----- Provided data -----
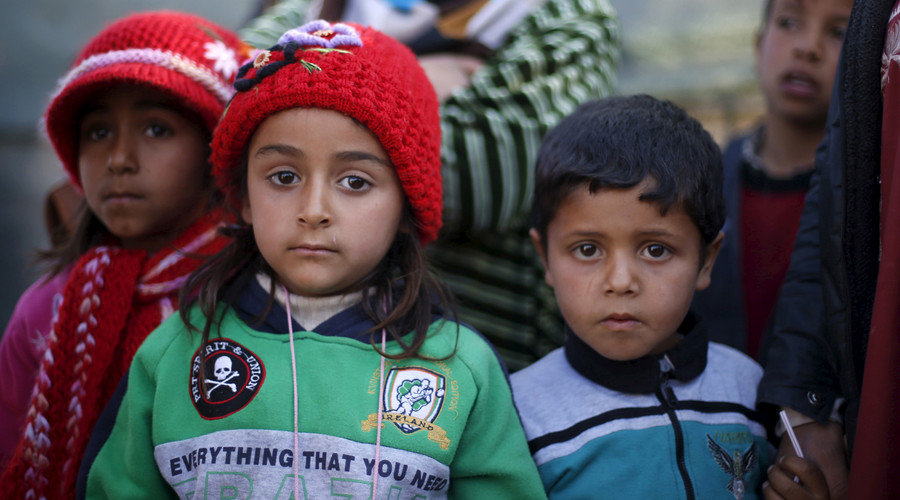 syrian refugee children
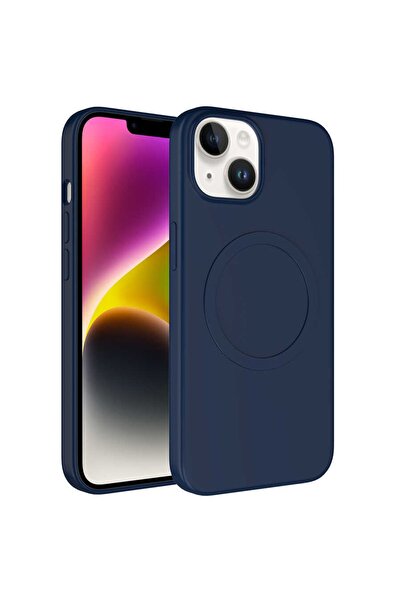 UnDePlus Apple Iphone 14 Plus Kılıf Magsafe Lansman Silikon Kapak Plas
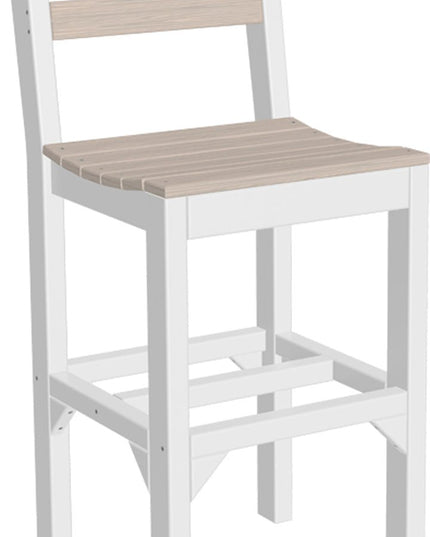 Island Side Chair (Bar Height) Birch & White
-----
The problem - What is needed is the data above, retyped exactly, with every picture left out.

Answer area -
 syrian refugee children
 UnDePlus Apple Iphone 14 Plus Kılıf Magsafe Lansman Silikon Kapak Plas
 Island Side Chair (Bar Height) Birch & White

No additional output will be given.